Feb. 4—Retired Navy doctor Edward Simmer, days after impressing members of a legislative screening panel concerned about the state's coronavirus response, won approval Thursday from the S.C. Senate as the next director of the S.C. Department of Health and Environmental Control.

The Senate voted 40-1 to confirm Simmer. Sen. Larry Grooms, R-Berkeley, voted against Simmer's confirmation. Sen. Dick Harpootlian, D-Richland, abstained.

DHEC, one of the state's largest agencies, has been without a director since Rick Toomey left in June in the midst of the coronavirus crisis. The department's response has been roundly criticized.

Sen. Danny Verdin said Simmer's credentials from an extensive career as a military doctor impressed him and fellow legislators. Simmer most recently was a top executive with the TRICARE health plan, a military insurance program. He has spent some 30 years in the military as a doctor.

"He pours himself into his work, he pours himself into his community," said Verdin, chairman of the screening committee that grilled Simmer. Verdin said "we found nothing" that raised flags about Simmer's background and qualifications.

Simmer, 56, received approval from Verdin's screening panel Tuesday after answering questions for more than two hours about how he would handle the COVID 19 pandemic, as well as other DHEC responsibilities, such as environmental protection.

DHEC's new director, the fourth at the agency since 2012, has a big task ahead.

Simmer must take charge of a department that has been called rudderless at a time when South Carolina needs leadership most.
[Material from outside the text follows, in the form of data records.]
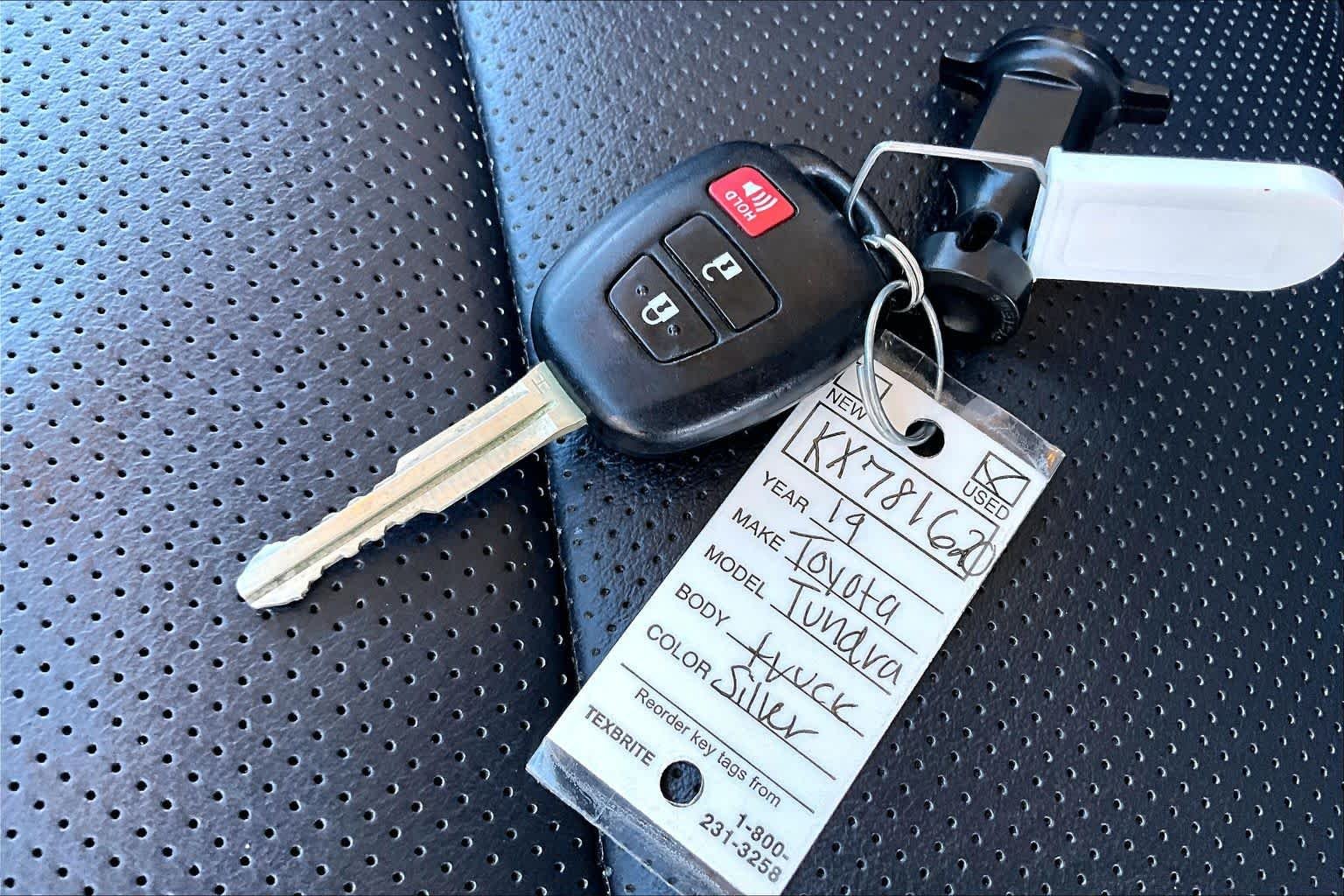 Used 2019 Magnetic Gray Metallic Toyota Platinum image 15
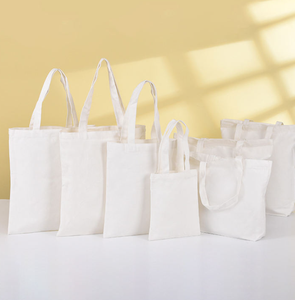 Sac en toile blanc en coton pur avec logo personnalisé, idéal pour la marquage à chaud et les sacs shopping en toile personnalisés. - Product Image 6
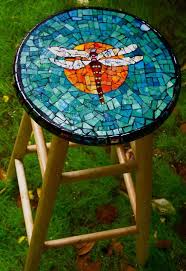 Amazing gallery of interior design and decorating ideas of garden stool in bedrooms, living rooms, decks/patios, pools, bathrooms by elite. Taburetegfly Jpg 549 799 Pixels Mosaic Diy Tile Art Mosaic Furniture
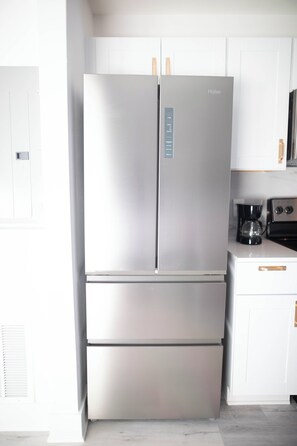 Interior - 1B/1BR PLUSH PEACEFUL ESCAPE (Dallas)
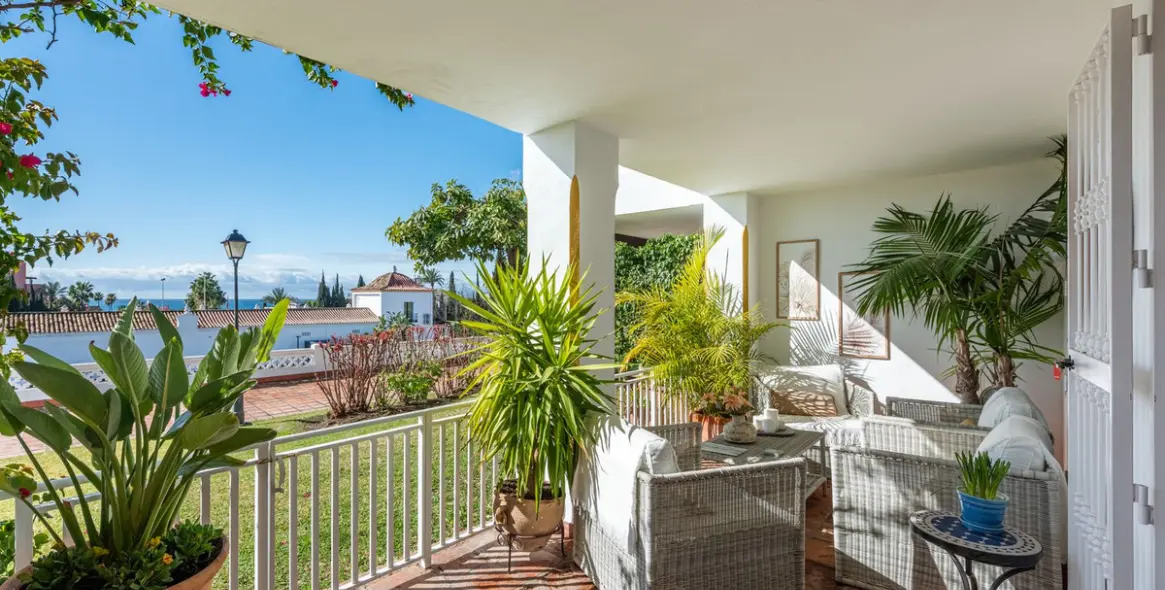 Sale of townhouse in New Golden Mile 10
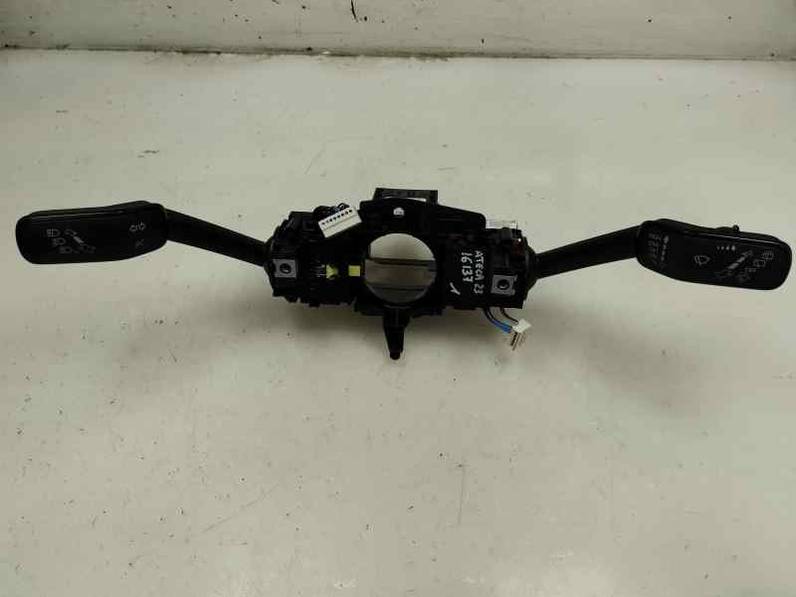 MANDO MULTIFUNCION SEAT ATECA 2023 2.0 (150 CV)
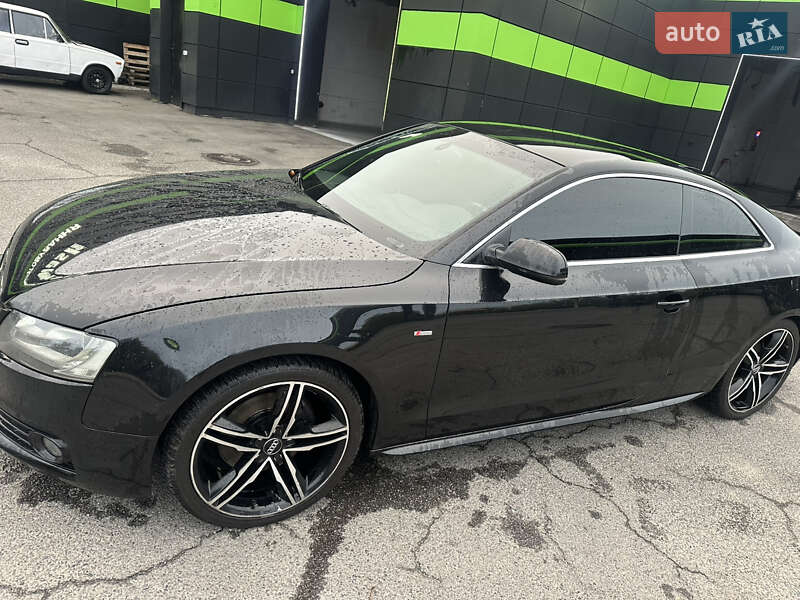 Купе Audi A5 2010 в Днепре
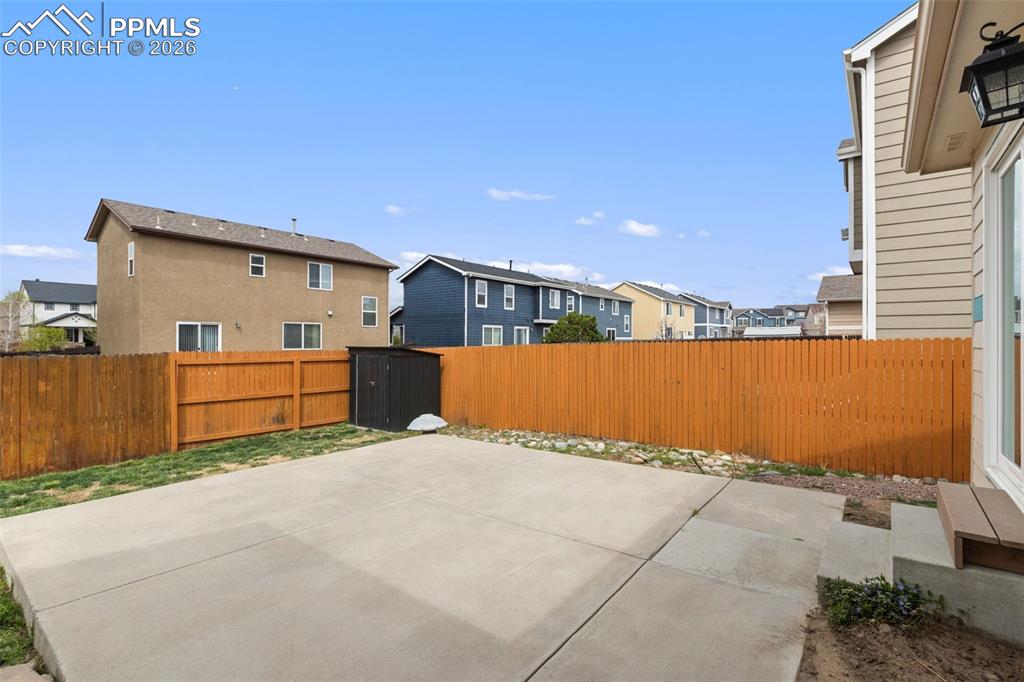 Image 17 of 21: Large patio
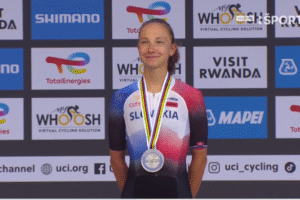 Chladoňová vybojovala na MS v individuálnej časovke do 23 rokov striebro.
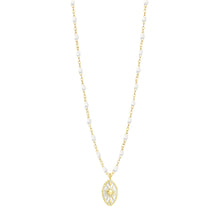Gigi Clozeau - Collier Karma résine blanche, or jaune, 42 cm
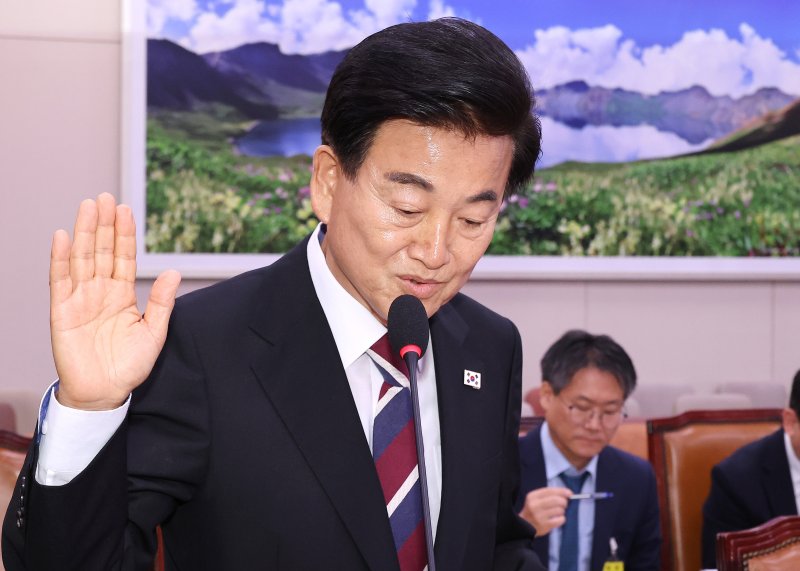 정동영 통일부 장관 후보자가 14일 국회 외교통일위원회에서 열린 인사청문회에 출석해 선서하고 있다. 연합뉴스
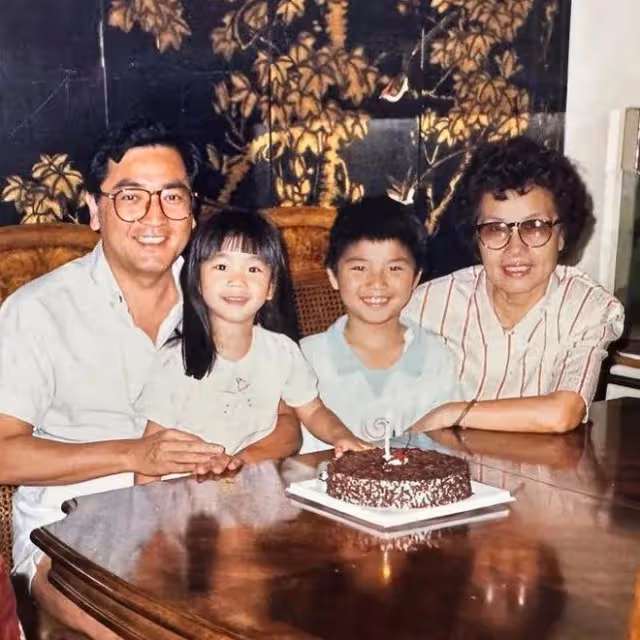 恭喜!TVB老戲骨兒子與太太補辦婚禮,兩人相愛9年前年已結婚
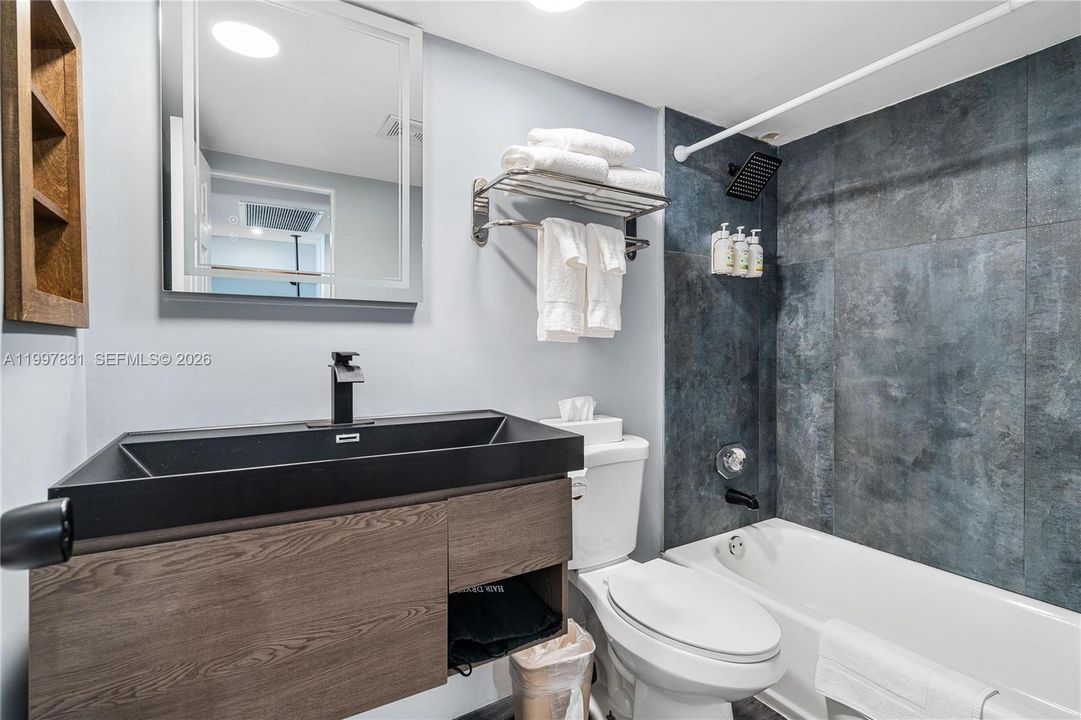 For Sale: $120,000 (0 beds, 1 baths, 360 Square Feet)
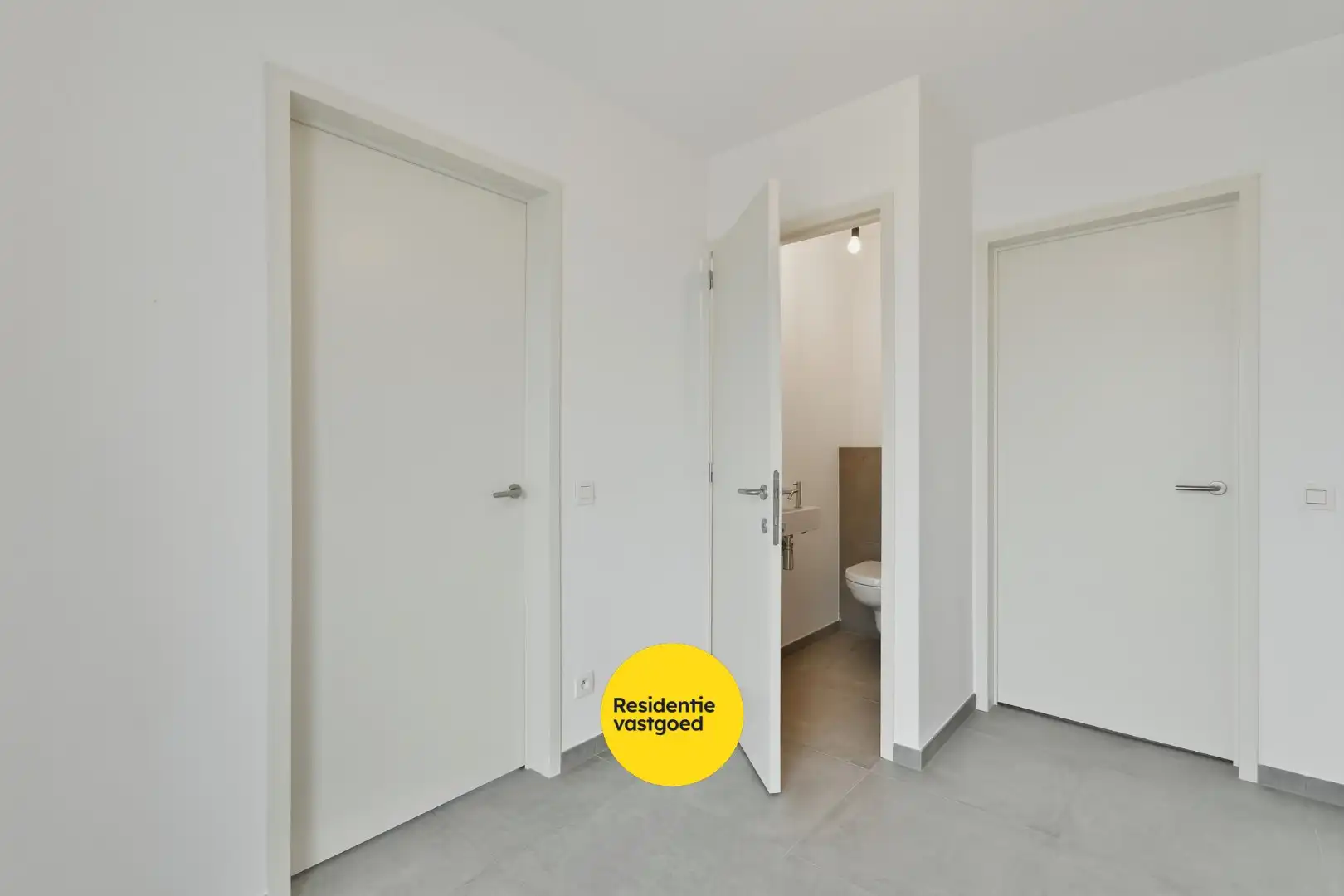 Halfopen woning met 3 slaapkamers te huur in Aartrijke foto 4
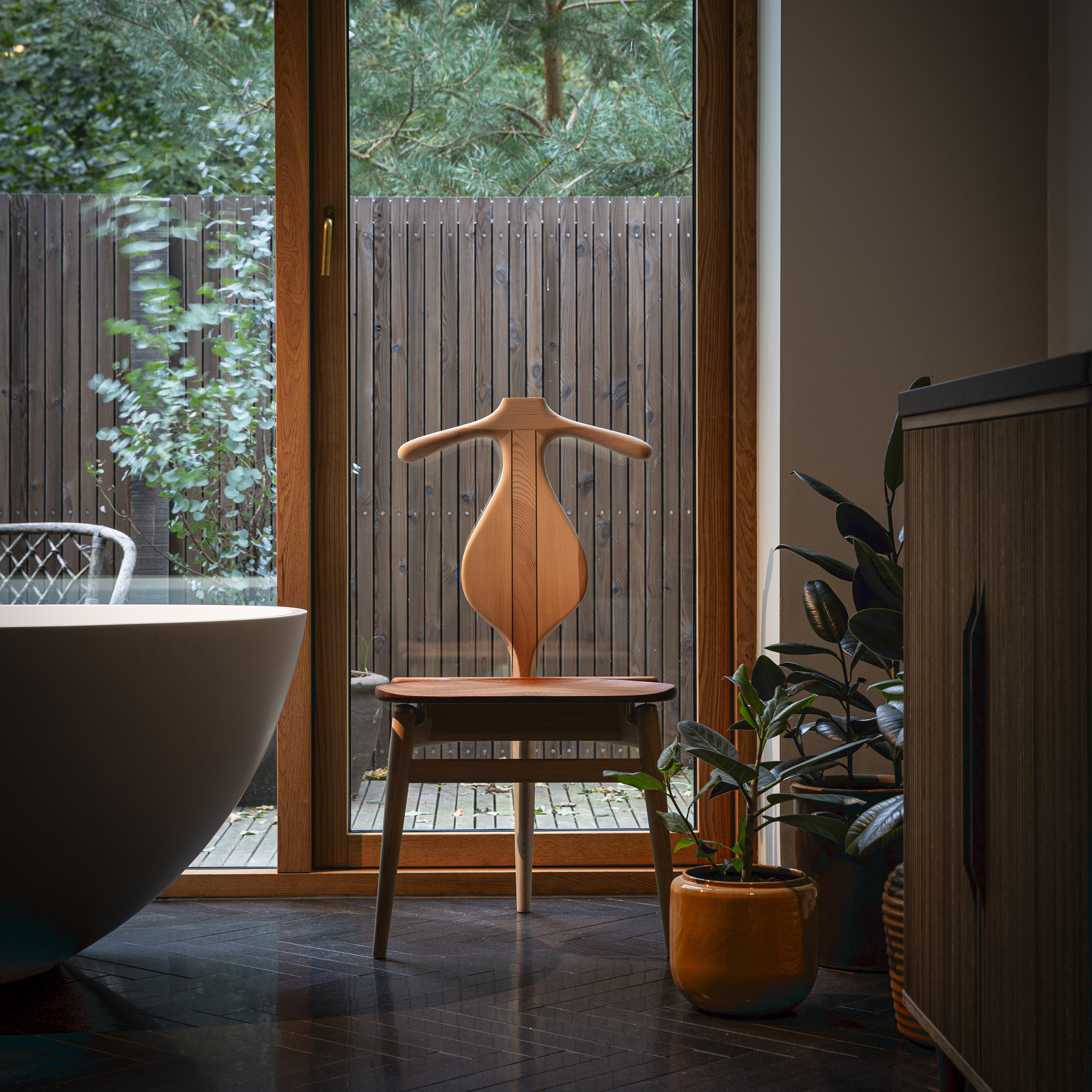 Pp250_pine_teak_interior_23_khp-1 | ScandinavianDesign.com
DHEC staff members have worked diligently to attack the health crisis, some lawmakers say, but they also say the agency's steps have been tentative, at best, in dealing with COVID 19.

Most recently, the agency has been criticized for what many say is a bureaucratic process to get COVID 19 vaccines. Simmer told senators Tuesday that needs to improve.

In a prepared statement Thursday, Simmer said he's optimistic the state can beat the coronavirus. He said he's "looking forward to rolling up my sleeves and getting to work."

"From the front lines to our living rooms, COVID-19 has challenged us all," the statement said. "We have made sacrifices and lost loved ones. However, together, with agency staff and our many partners, I am confident that we will get through this and come back stronger than before."

Simmer is a native of northern Ohio who formerly ran the naval hospital in Beaufort, where he and his wife own a home. He does not plan to commute from Beaufort but will work from a home in Columbia.

Simmer's background, in addition to six years at TRICARE, also includes stints as a military hospital chief in Washington state and working as a psychiatrist at various military institutions, including Camp Lejeune, N.C. He also has provided counseling support for the crew of the USS Cole, which was bombed in 2000, and has served as an advisor to the commander of the Guantanamo Base, Cuba, terrorist detainee camp.

Simmer succeeds Toomey, an affable retired hospital executive. Toomey, a board member who was handed the director's job in late 2018, served only about 18 months as DHEC director. He stepped down temporarily from DHEC last spring because of blood pressure and heart problems, then returned briefly, before announcing his resignation in late May.

It took the DHEC board until Dec. 22 to choose Simmer out of more than 80 candidates and two other finalists for the job.

Gov. Henry McMaster said he's delighted Simmer is taking over.. Simmer will start work at DHEC immediately.

"Dr. Simmer has a lifetime of experience leading large, complex medical organizations and has successfully brought positive change everywhere he has been," the governor's statement said. "He clearly has all of the professional qualifications and leadership skills necessary to lead the South Carolina Department of Health and Environmental Control through the COVID-19 pandemic and beyond. The people of South Carolina will be well served by his confirmation."

Despite the optimism, Grooms and Harpootlian said they have reservations about Simmer and DHEC.

The Berkeley senator said he was not comfortable that Simmer could lead the agency through the COVID 19 pandemic, the state's worst in more than 100 years.

"In another time before COVID, he may have been a good choice," Grooms said after the vote. "But I'm awfully disappointed in the board after eight months of not being able to find a suitable candidate for executive director, that their best is Dr. Simmer.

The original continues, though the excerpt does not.